China Imprisons Chemical Company Employees for Polluting Streams
A court in eastern China fined a manufacturer of weed killer 75 million yuan ($12 million) and imprisoned employees of the company and its contractors for discharging wastewater that severely polluted streams.
The fine levied by the Longyou county court on Jinfanda Biochemical Co., which makes glyphosate, was the largest ever for a polluter in Zhejiang province, state media reported Tuesday. Zhejiang is one of the most prosperous but also most polluted provinces in China.
Rapid economic growth and lax enforcement of regulations has caused severe environmental damage throughout China. Beijing has promised to strictly enforce environmental laws and severely punish polluters in response to rising demands from citizens that air, water and soil be cleaned up.

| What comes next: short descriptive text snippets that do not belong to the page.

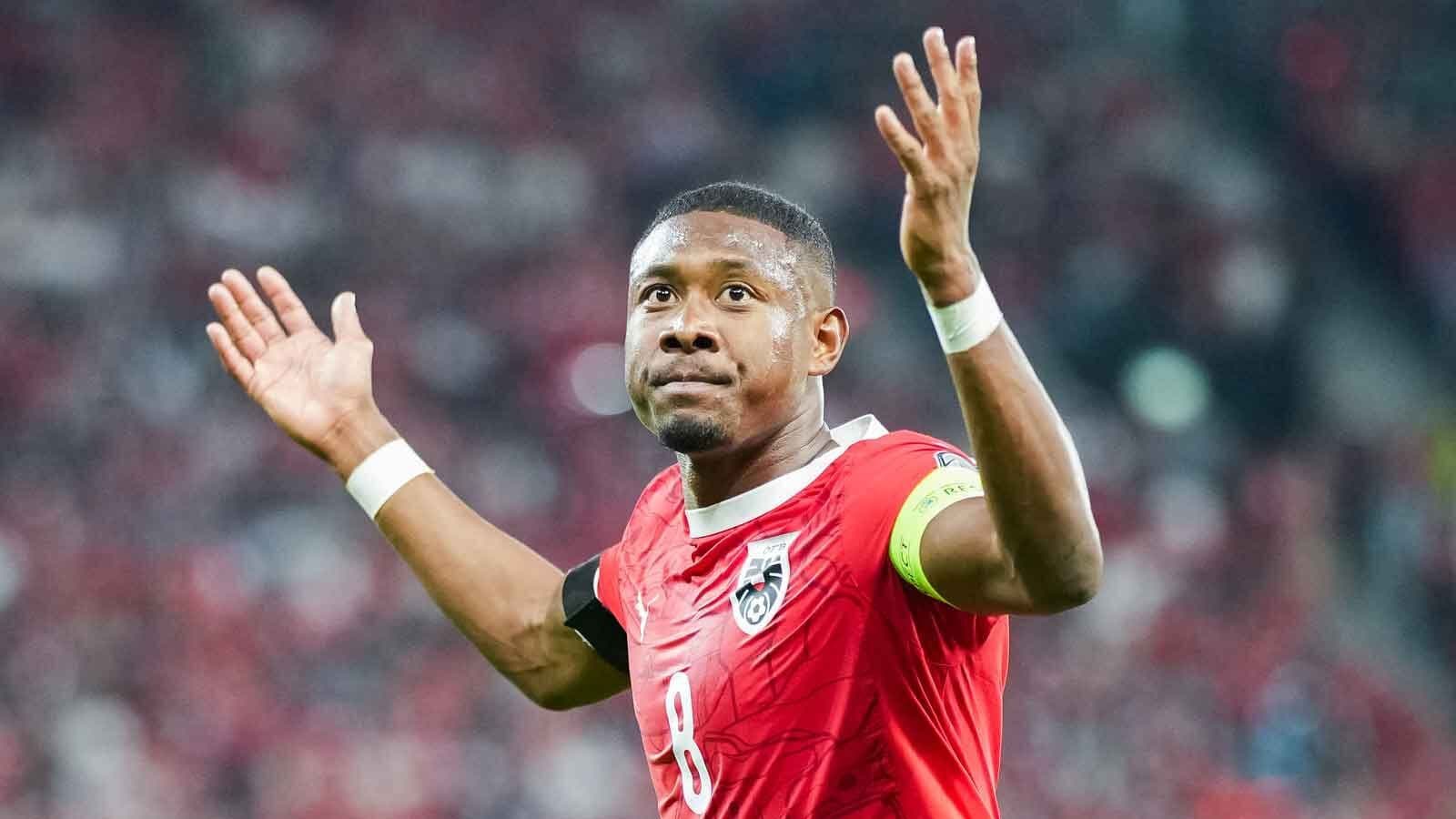 David Alaba se prepara para el sorpresivo movimiento de la Serie A cuando la ex estrella del Real Madrid llega a un acuerdo con Udinese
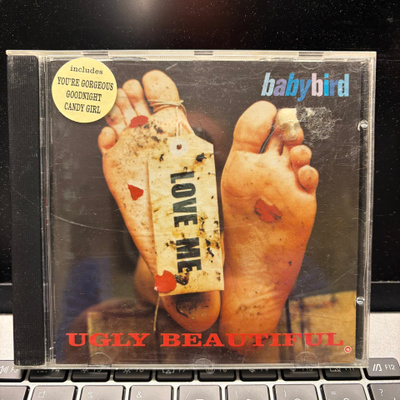 BABYBIRD - Ugly Beautiful cd
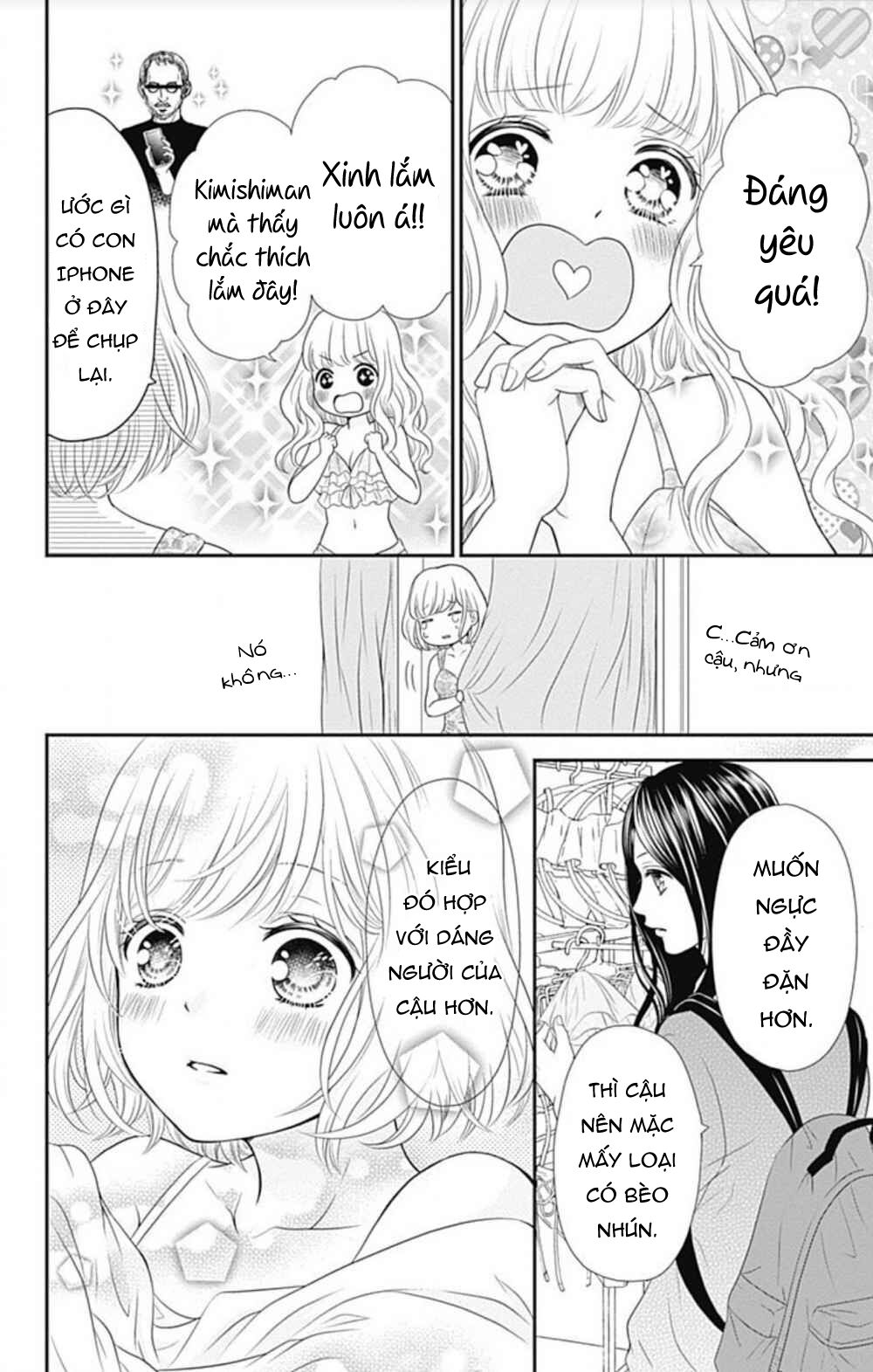 Furuya-Sensei Wa An-Chan No Mono Chương 21 Ảnh 27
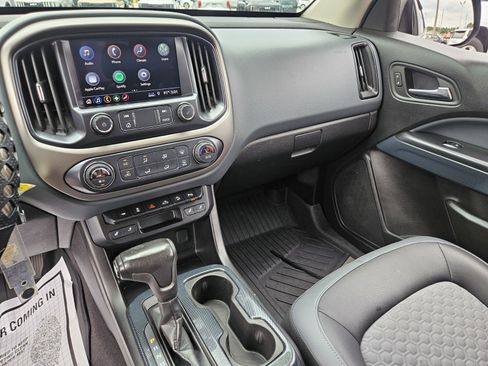Used 2019 Chevrolet Colorado Z71 AWD/4WD image 21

Last December, a court in neighboring Jiangsu province ordered six companies to pay 160 million yuan for discharging waste chemicals into rivers. It was then China’s biggest environmental fine.

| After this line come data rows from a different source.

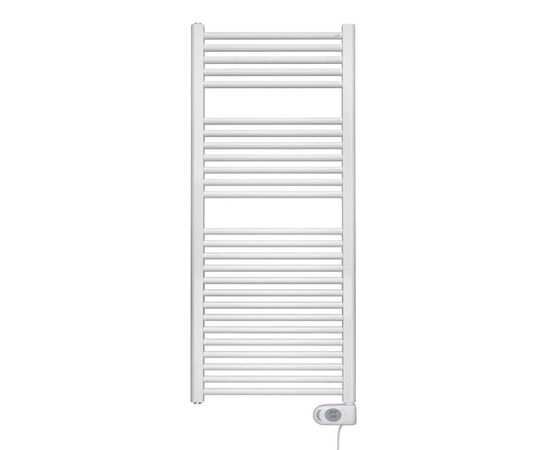 Полотенцесушитель zehnder aura pbez-120-60mq 120x60 белый в Астане фото № 1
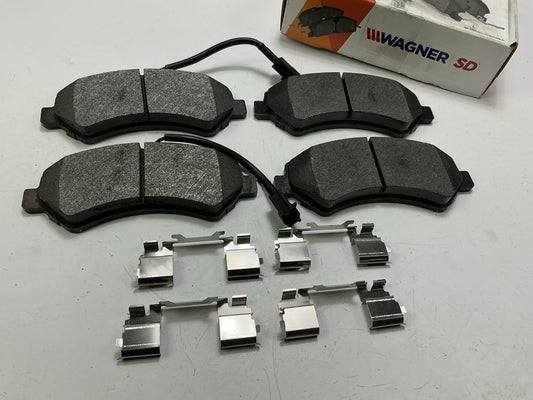 Wagner SX1540 Front Disc Brake Pads For 2014-2023 Ram ProMaster 1500 2500 3500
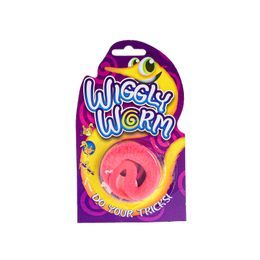 Toys&Trends raketa 15cm vystřelovací na kartě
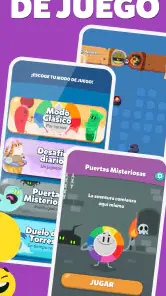 Preguntados Retro Trivia screenshot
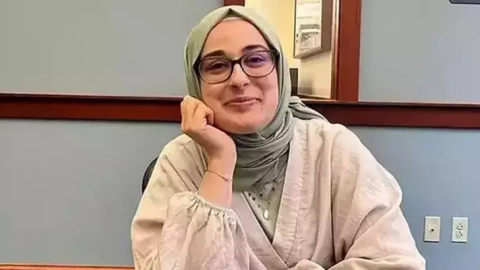 ABD'de Filistin'e destek verdiği gerekçesiyle gözaltında tutulan Rümeysa Öztürk'ün serbest bırakılmasına karar verildi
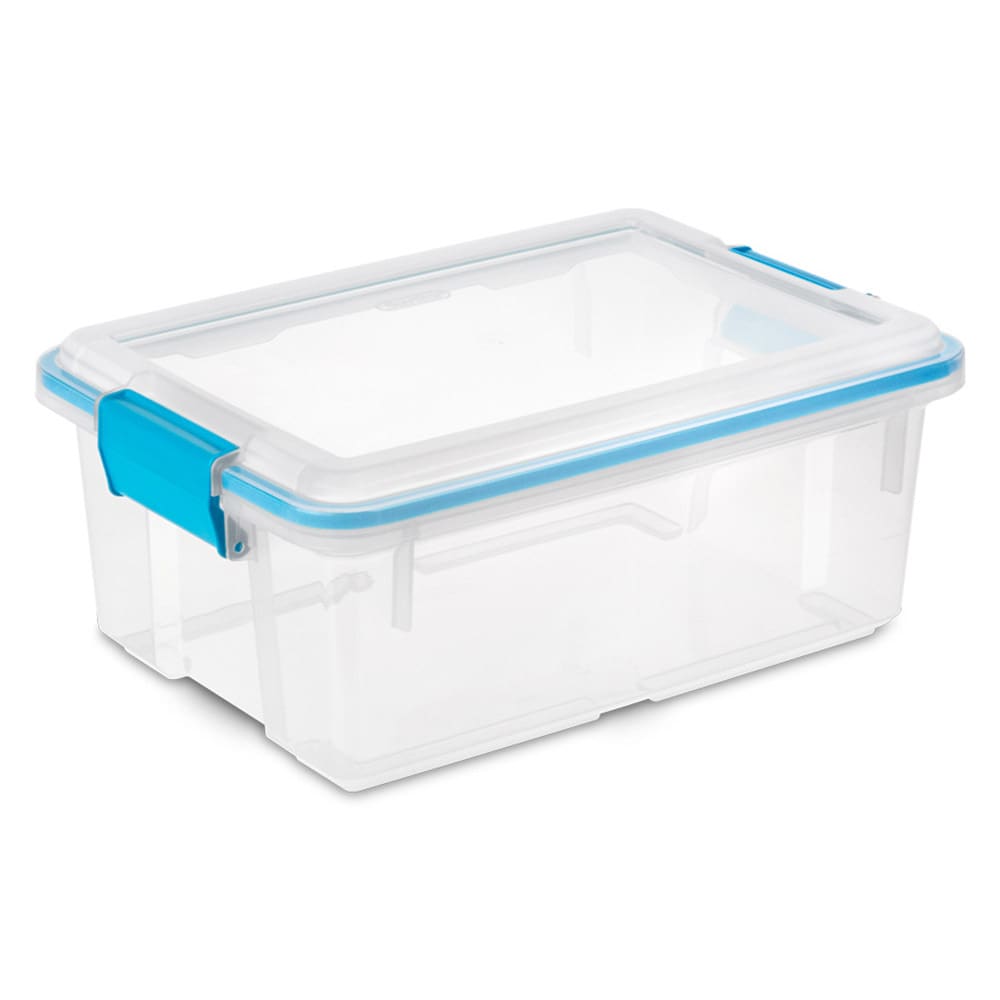 Sterilite 266736 Plastic-Storage-Totes - View #3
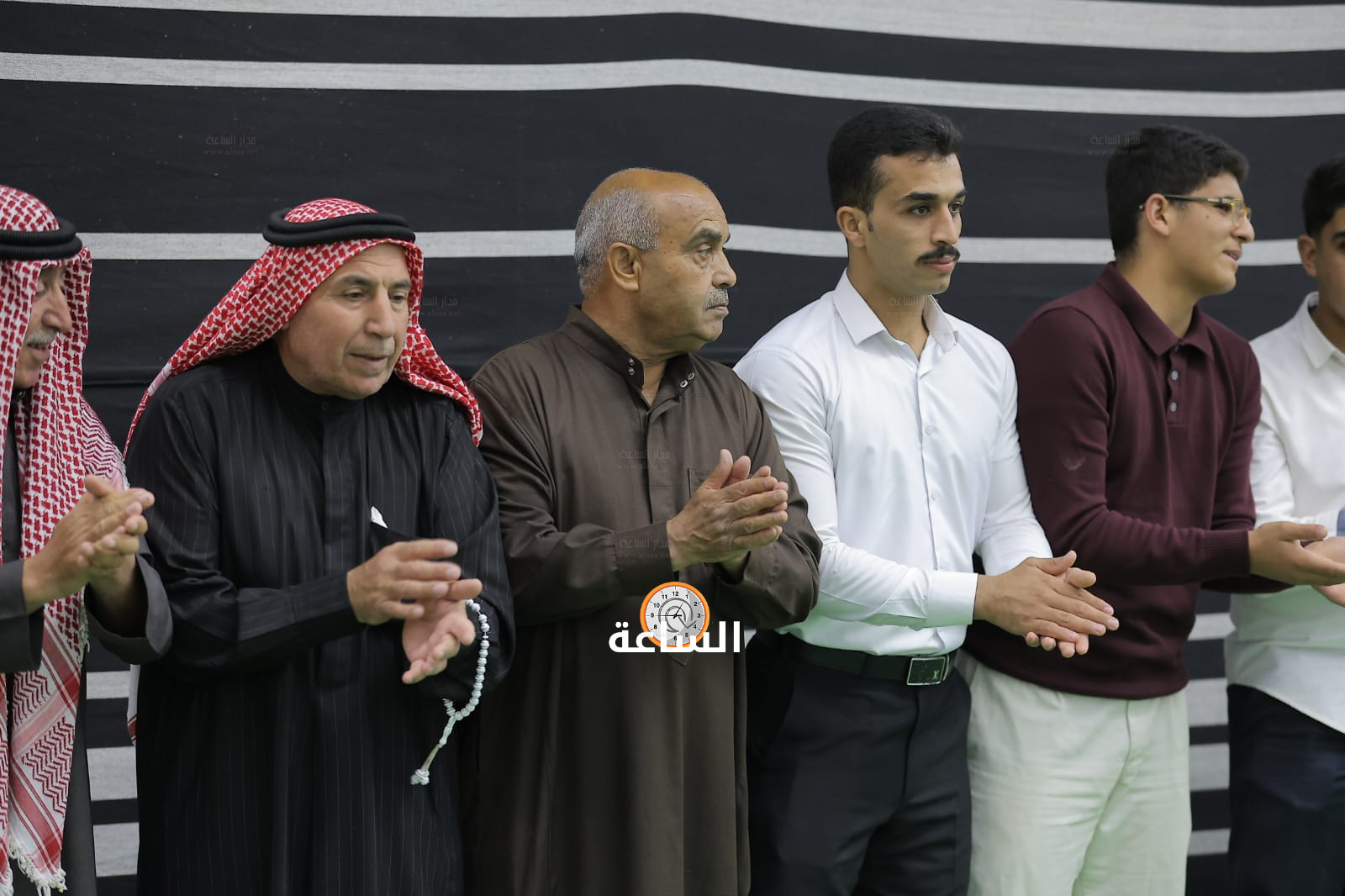 Madar Al-Saa Images 0.18619243567855814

In April, Beijing environmental officials fined a french fry supplier to the McDonald’s restaurant chain 3.8 million yuan for releasing dirty wastewater. It was the biggest pollution fine ever ordered by the city.
The Longyou county government said Jinfanda hired four unqualified companies that dumped 35,000 tons of hazardous waste into streams.

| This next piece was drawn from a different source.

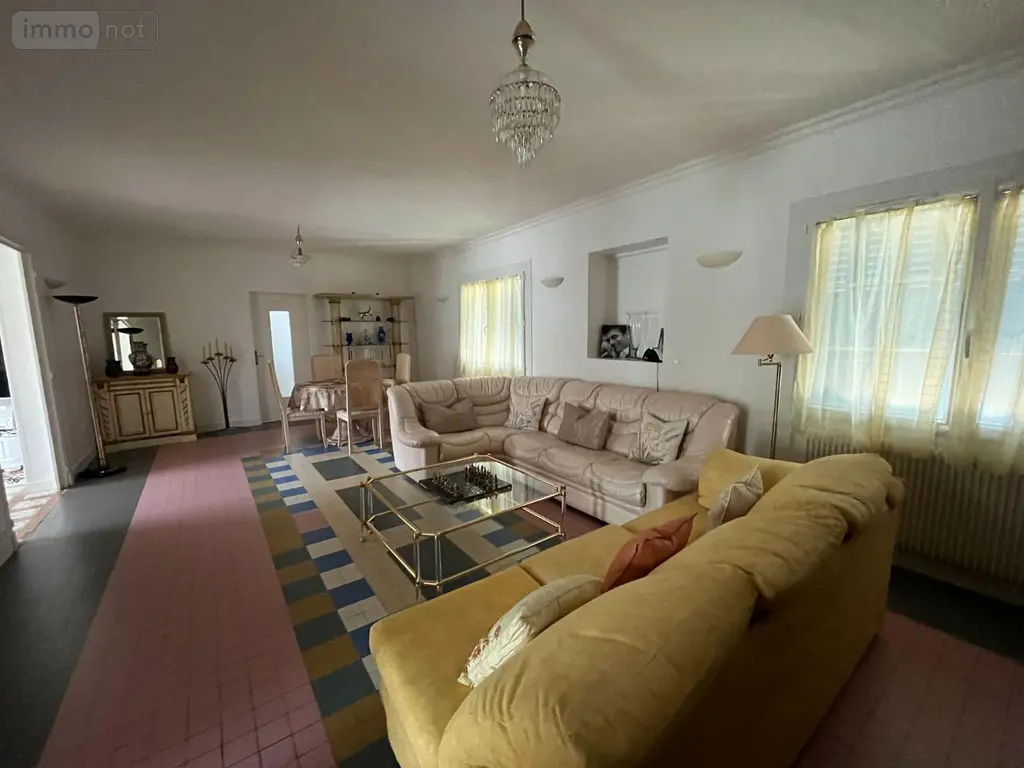 Maison a vendre La Chapelle-Gauthier 27270 Eure 27 323 m2 7 pièces 287500 euros 27046-124 008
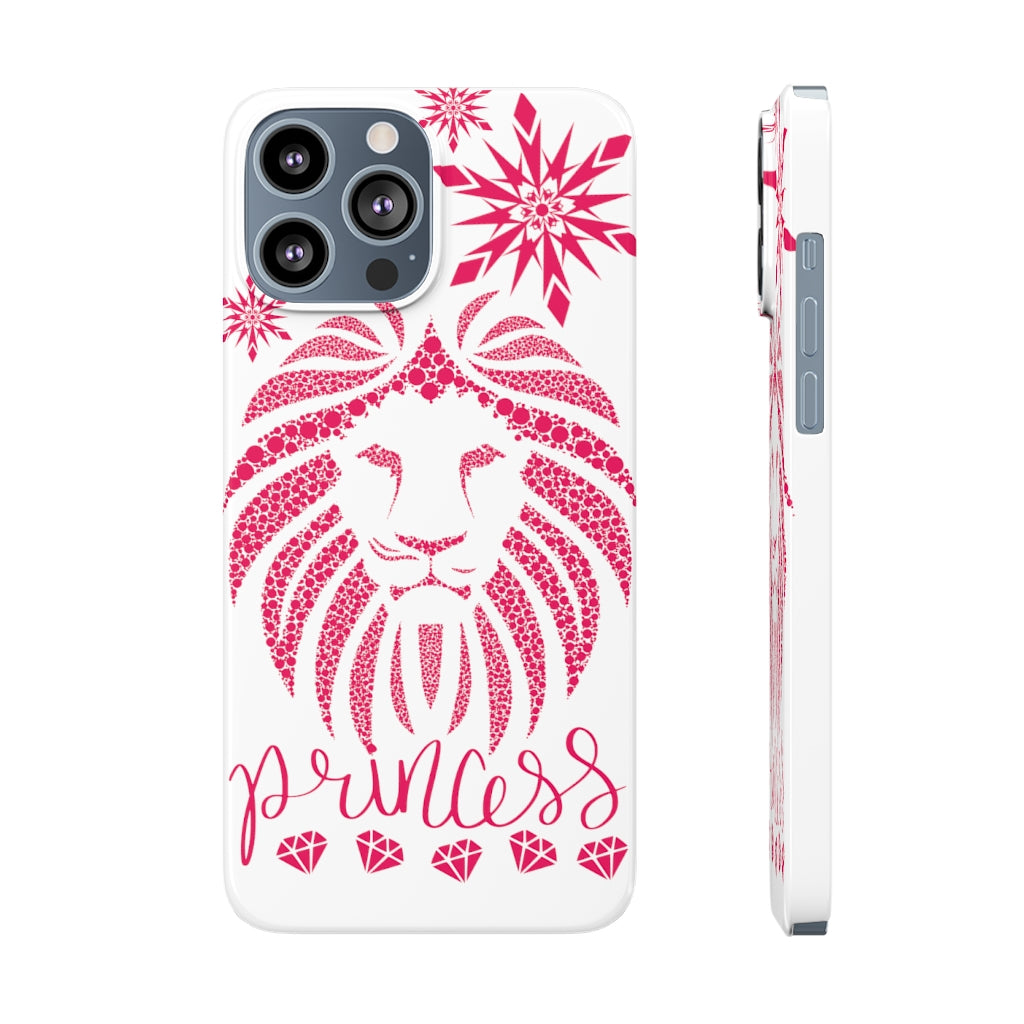 Princess Slim Phone Cases, Case-Mate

The county court convicted the company on May 18 following a lengthy trial involving 15 defense lawyers, and it fined the company 75 million yuan and one of the contractors 4 million yuan, the government statement said.
The court also sentenced 18 defendants to prison for 17 months to six years, the government said. The individuals were each ordered to pay fines from 10,000 yuan to 1 million yuan.
Calls to the Jinfanda company seeking comment rang unanswered Wednesday.